A Boxplot with All of the Data

What if, instead of a box plot, we plot all of the data in the same space using the geom_jitter plot. This plot will turn each section of the chart into a little box and drop a plot point randomly within that box. This results in the following chart.

Not only do we see the overall trends but by just looking at the chart we can see that in three years I only scored "love" with a 2 once and a 1 three times. No box plot can tell us that.

If we want to see the overall trends better clarified, we can overlay a boxplot right on top of the scatterplot.

That's a pretty good plot, except for one thing. The random jitter of the points doesn't actually tell us anything. We use the jitter so we can see all of the points but the actual location of the point doesn't mean anything.
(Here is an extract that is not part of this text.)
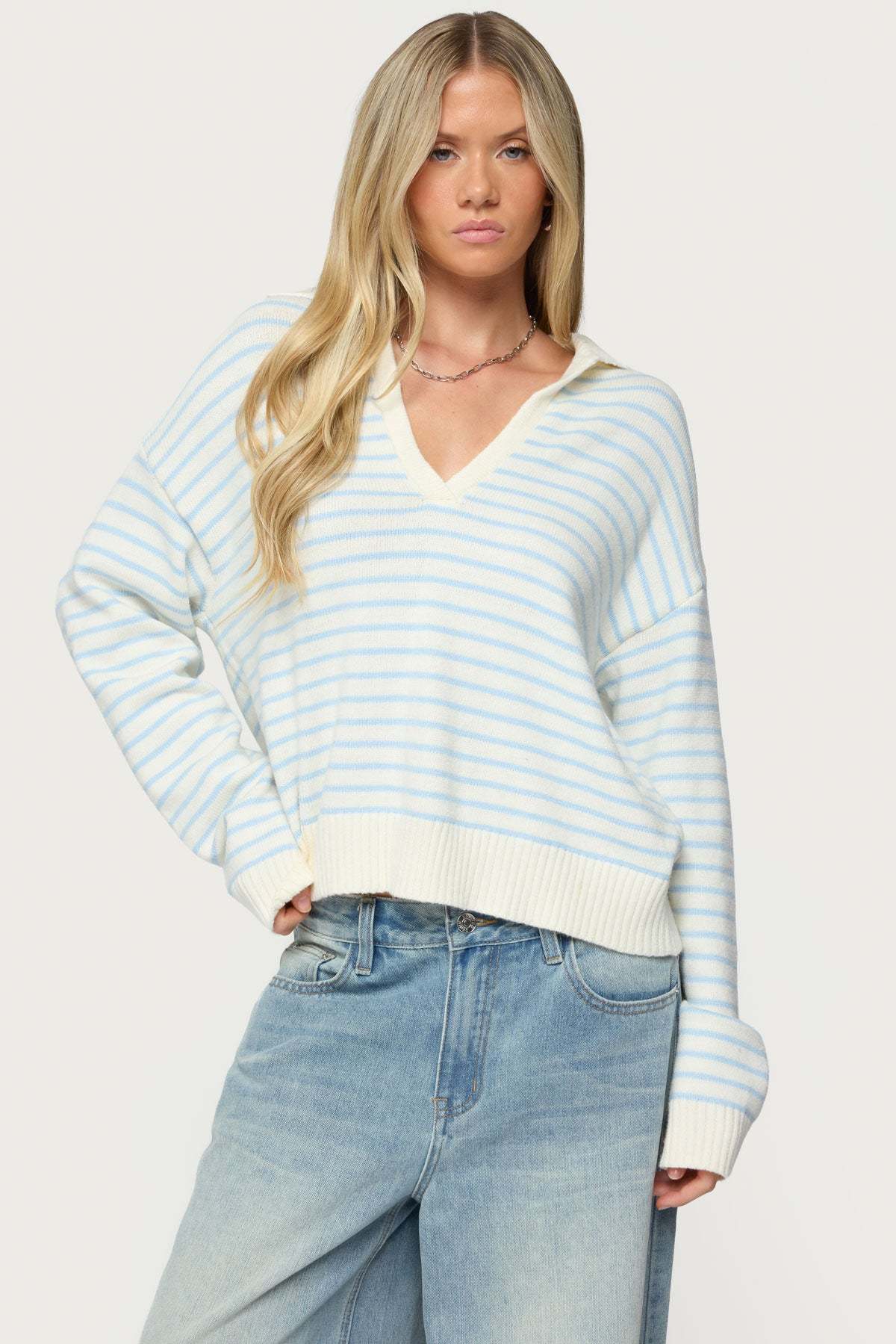 Copenhagen Oversized Striped Sweater - LIGHT-BLUE-AND-CREAM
This is time-series data we're talking about so we have another variable that we're not displaying—when that point of data occurred.
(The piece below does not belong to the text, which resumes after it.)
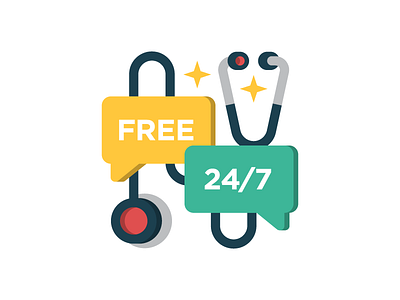 Message Free Forever app doctor illustration medical messaging stethoscope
What if we took the scatterplot above but, instead of putting the jitter in there to randomly stick a point in a block, we placed the point sequentially from the upper left to the lower right, sort of like a tiny calendar in a one-inch square. Here's an early result.

Now the points aren't random. We don't just see that we had only one score of a 2 for love, but that it occurred sometime early in 2014. We can see when those three love scores of 1 occurred—sometime in early and middle 2016. The location isn't super specific but it gives us a rough idea. We can also see strings of trends. Health has a few series of lines scored at a 9 in a row in the middle of 2014. Instead of that random jitter we can actually see real things based on the location of the points themselves.
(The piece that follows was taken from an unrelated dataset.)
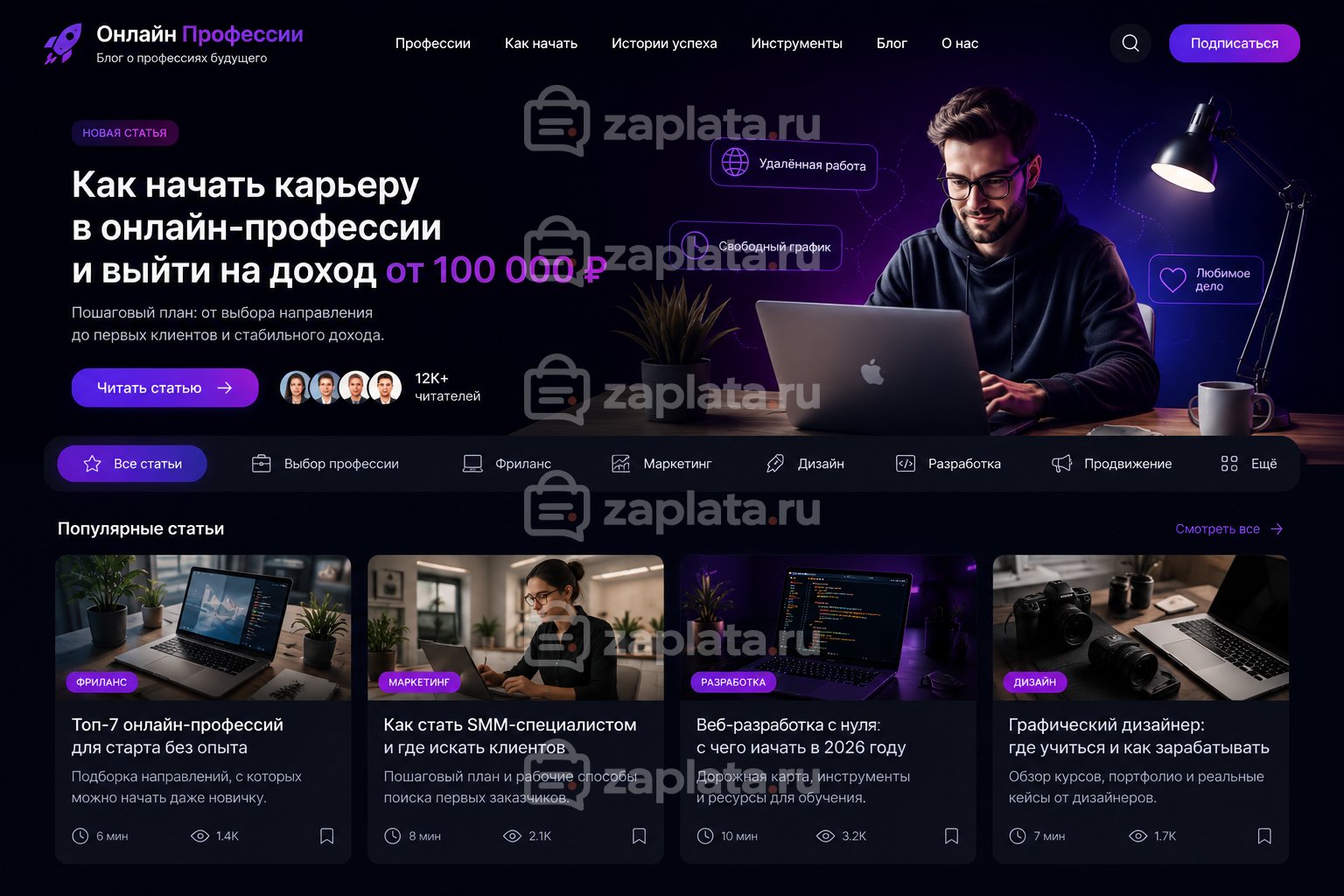 Блог об онлайн профессиях готовый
We can take this calendar plot in a different direction. We can use the pixel color to display the score instead of plotting it out in different boxes. This abstracts the data a little more but lets us pack a lot more information into a small space. In the following chart, black dots are a score of 8 to 10, red dots are a score from 1 to 3, and gray dots are scores of 4 to 7. This equates to good, bad, and neutral days for all of the scores across two and a half years.

The interesting thing about this plot is that, if we look carefully, we can actually see the three days where I forgot to record any score.

This is an interesting way to look at time series data but there's another that most people likely have an easier time understanding, the simple time series chart. Here's a time series line chart of the same data.

The rise and fall of the chart is a bit extreme but it shows the overall trends well across the full time series. It's easy to see the variance and, like the boxplot, we can get a good feeling for the overall range and the median by just squinting a bit.

Keep in mind that we're looking at 5,600 points of data with each of these charts and yet we can still understand it. We can still see it. We can see details. We can see large trends. A busy pie chart might have nine points of data. A histogram really doesn't display much more than that. These time-series line charts and scatter plots display six hundred times more information than that.

We can even take scatterplots to a greater extreme. The following chart uses a different source of data: about half a million dates and times for tweets tagged with the #dnd hash tag. In the plot below we display half a million points at once.

We can see all sorts of interesting things in this chart. We see overall growth. We see where my stupid script failed to record about two weeks worth of tweets. We can see huge spikes in popularity. We can see which tweets are posted at a regular time over a set of days. There's all sorts of interesting things to see in a chart like this—things we can explore further by digging deep into the data itself.

Of course we can go the other direction. We can abstract 5,600 points of data into a single number. If someone asks how I'm doing I can, with a lot of data, give them a single digit.

8

A lot less bullshit than a pie-chart and still gives about the same amount of information.

Demand Resolution

The next time you see a pie-chart stand up, put your fist into the air, and shout "bullshit!" Demand resolution. Demand to see all of the data. If you have the means, and anyone with Excel has the means, explore the data yourself. Get the full picture. Hunt for outliers. Seek meaning. Find the truth.